The AC wala kamra presents the middle classes with a difficult summertime option between comfort and privacy. The AC wala kamra is a seasonal fixture in most middle-class homes. Accelerating inflation and electricity price hikes make running numerous air conditioners simultaneously impossible.
The family moves from their individual rooms to the AC wala kamra each summer. AC wala kamra is where many families eat, watch TV, study, and entertain guests.
This room’s multipurpose design is unusual in modern homes, which are function-specific. Its multi-functionality and tendency to become the household hub match it with the South Asian aangan.
Three or more generations of the extended family traditionally resided under the same roof, and the aangan was their hub. The aangan was where life happened, from breakfast to evening tea to entertaining guests to summer resting.
As families became nuclear, so did the home design. Multifunctional space wasn’t needed or constantly available. The modern family chose function-specific rooms. This new household attitude and design didn’t mean the communal living room was out of style – not yet.
Younger generations watch Netflix on their phones and laptops, not TV. Increased availability of personal electronics has led to the erosion of the “shared living space”
Until summer, when everyone huddles in front of the AC. I avoid romanticizing this room as a utopia.
Changes in house materiality affect societal perceptions about family, self, personhood, and privacy. Even the original aangan isn’t regulated by the same traditions and values as before, let alone its reboots.
The AC wala kamra functions similarly to a shared living area, but its ever-changing dynamics make it a source of friction and negotiation between old and young. Privacy issues highlight these tensions.
Concerns about privacy affect teens and young adults phone use in these rooms. Their reasons include bothering others, getting disturbed, and being snooped on. They leave the AC-wala kamra for secluded, warm rooms without AC. Parents acknowledge and criticize these negotiations.
Sumaira, a 53-year-old mother of two, thinks someone who “sneaks away” at night is up to no good. Sumaira believes evil thrives at night, making it a time for sinners and immoral people.
Myra, Sumaira’s daughter, protested against her mother’s perception.

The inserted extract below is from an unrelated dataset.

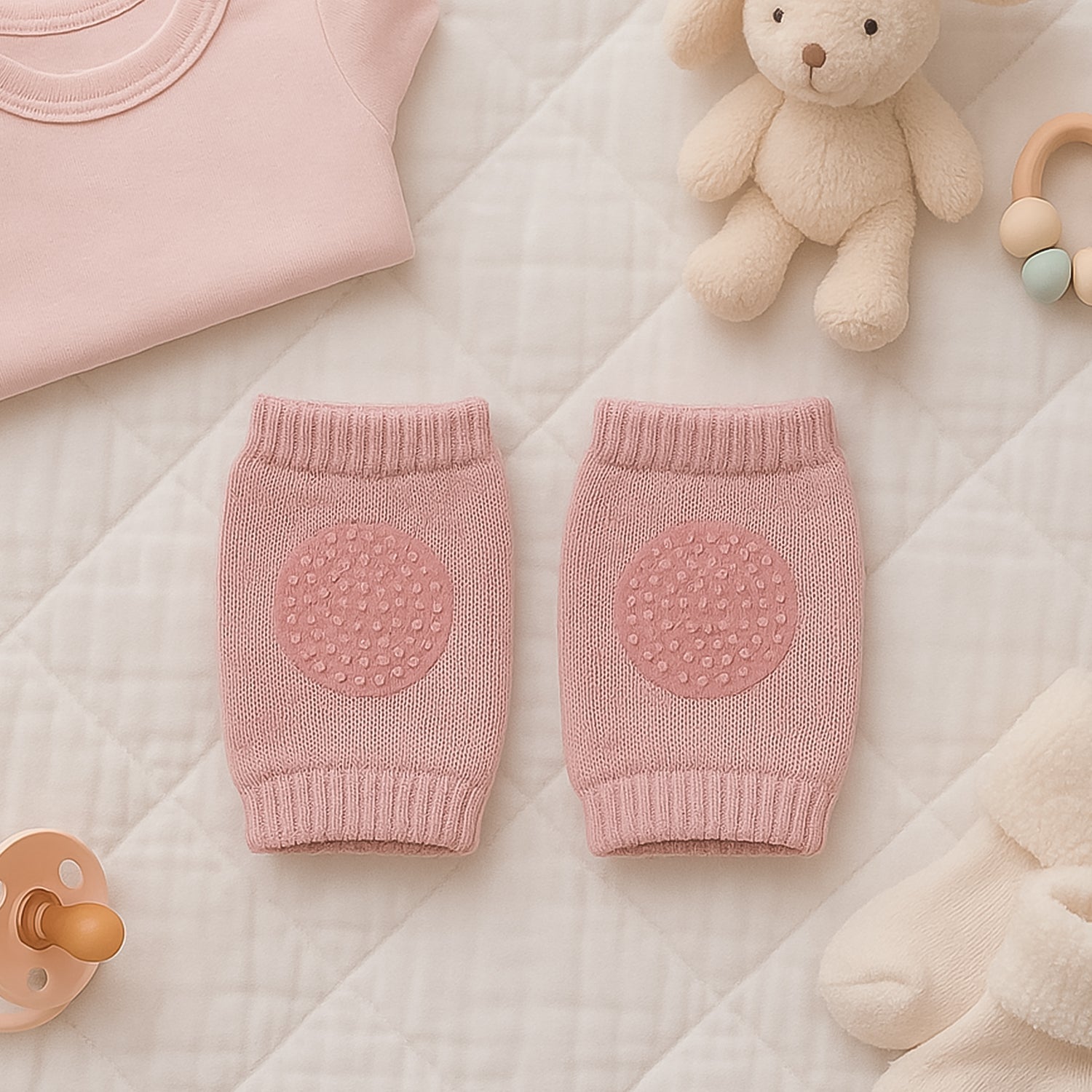 Side view of pink toddler wool knit knee protectors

Myra says the night is the only time her pals can have a group call without interruptions, thus she needs privacy. Sumaira’s skeptical.
This mother-daughter exchange demonstrates the intergenerational mismatch around the concept of privacy.
Most parents support their children’s privacy, with some exceptions. Many parents disapproved of locked doors, asking what can’t be done with the door ajar. The AC wala kamra neutralises the fear of the closed door by bringing everyone into a communal space. It also uses the door to signal the family’s movements. AC wala kamra strengthens family unity. Parents and children expressed that they had more family time in the summers — being actively involved in each other’s life, being able to chat to each other, and learning habits, affairs, and concerns. They watched movies and played board games together. Intimacy is unavailable in their ‘regular’ living situation.